- Theatrical release poster
- Directed by: James Tinling
- Screenplay by: Arnold Belgard
- Story by: Lou Breslow John Patrick
- Produced by: Sol M. Wurtzel
- Starring: Kent Taylor Louise Currie Dennis Hoey Larry J. Blake Ann Doran John Eldredge
- Cinematography: Benjamin H. Kline
- Edited by: Frank Baldridge
- Music by: R. Dale Butts
- Production company: 20th Century Fox
- Distributed by: 20th Century Fox
- Release date: July 18, 1947;
- Running time: 63 minutes
- Country: United States
- Language: English

= Second Chance (1947 film) =

1947 film by James Tinling

Second Chance is a 1947 American film noir crime film directed by James Tinling and written by Arnold Belgard. The film stars Kent Taylor, Louise Currie, Dennis Hoey, Larry J. Blake, Ann Doran and John Eldredge. The film was released on July 18, 1947, by 20th Century Fox.

==Plot==
Joan Summers (Louise Currie) enters the office of jewel merchant Montclaire closely followed by Kendal Wolf. Each recognizes the other to be a jewel thief, and wordlessly they team together to steal a $30,000 diamond. Searched and questioned when the gem is missed, they are released ... with the gem.

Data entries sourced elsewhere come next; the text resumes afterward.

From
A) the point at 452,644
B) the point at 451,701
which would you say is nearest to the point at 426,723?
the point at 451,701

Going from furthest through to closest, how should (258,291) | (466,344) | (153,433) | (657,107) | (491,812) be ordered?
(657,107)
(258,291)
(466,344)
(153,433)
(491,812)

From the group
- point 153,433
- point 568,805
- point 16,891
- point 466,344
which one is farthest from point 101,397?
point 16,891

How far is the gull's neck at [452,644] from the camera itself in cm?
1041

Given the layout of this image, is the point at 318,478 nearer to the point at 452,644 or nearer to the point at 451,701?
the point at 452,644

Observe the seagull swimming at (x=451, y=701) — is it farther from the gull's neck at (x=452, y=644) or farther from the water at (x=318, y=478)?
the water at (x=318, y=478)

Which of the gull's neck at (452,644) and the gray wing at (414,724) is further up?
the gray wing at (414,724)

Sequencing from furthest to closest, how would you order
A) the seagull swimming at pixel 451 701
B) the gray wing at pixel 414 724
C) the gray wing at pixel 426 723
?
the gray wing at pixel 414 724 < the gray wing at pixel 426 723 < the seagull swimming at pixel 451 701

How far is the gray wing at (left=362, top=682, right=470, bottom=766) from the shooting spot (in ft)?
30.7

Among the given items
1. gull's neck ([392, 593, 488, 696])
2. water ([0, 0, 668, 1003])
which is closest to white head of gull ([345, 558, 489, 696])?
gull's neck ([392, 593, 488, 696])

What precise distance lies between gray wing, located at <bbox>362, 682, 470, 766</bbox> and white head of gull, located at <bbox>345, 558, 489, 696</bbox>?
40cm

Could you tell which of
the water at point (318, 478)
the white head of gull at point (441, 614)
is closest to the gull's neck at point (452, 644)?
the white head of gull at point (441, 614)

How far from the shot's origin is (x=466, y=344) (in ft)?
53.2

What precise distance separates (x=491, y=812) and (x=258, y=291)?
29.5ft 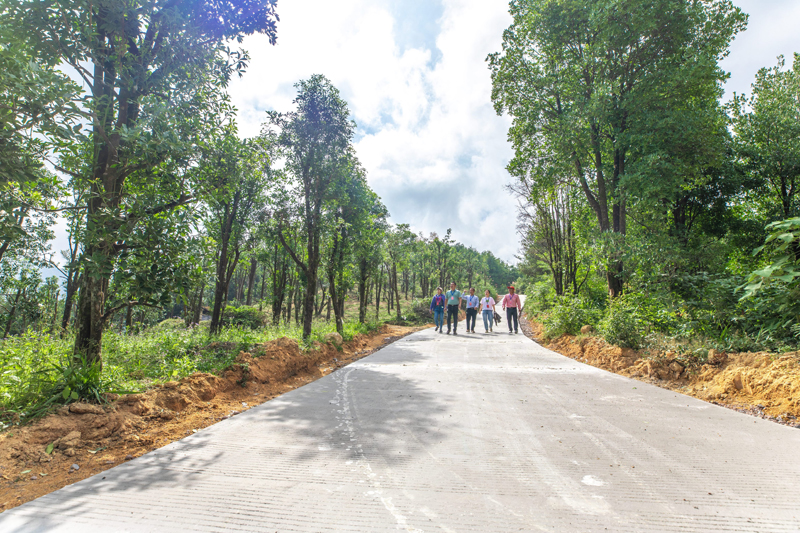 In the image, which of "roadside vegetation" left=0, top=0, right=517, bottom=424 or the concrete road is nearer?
the concrete road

Detective Sharpe is still suspicious and so is the head of Jeweler's Indemnity, who puts two underworld men on to retrieve the diamond. Kendal agrees to meet the two but the police are tipped and Sharpe confiscates the gem and the fence's money. Again Kendal and Joan are released, but each suspects the other of being an informer despite a growing romantic attachment.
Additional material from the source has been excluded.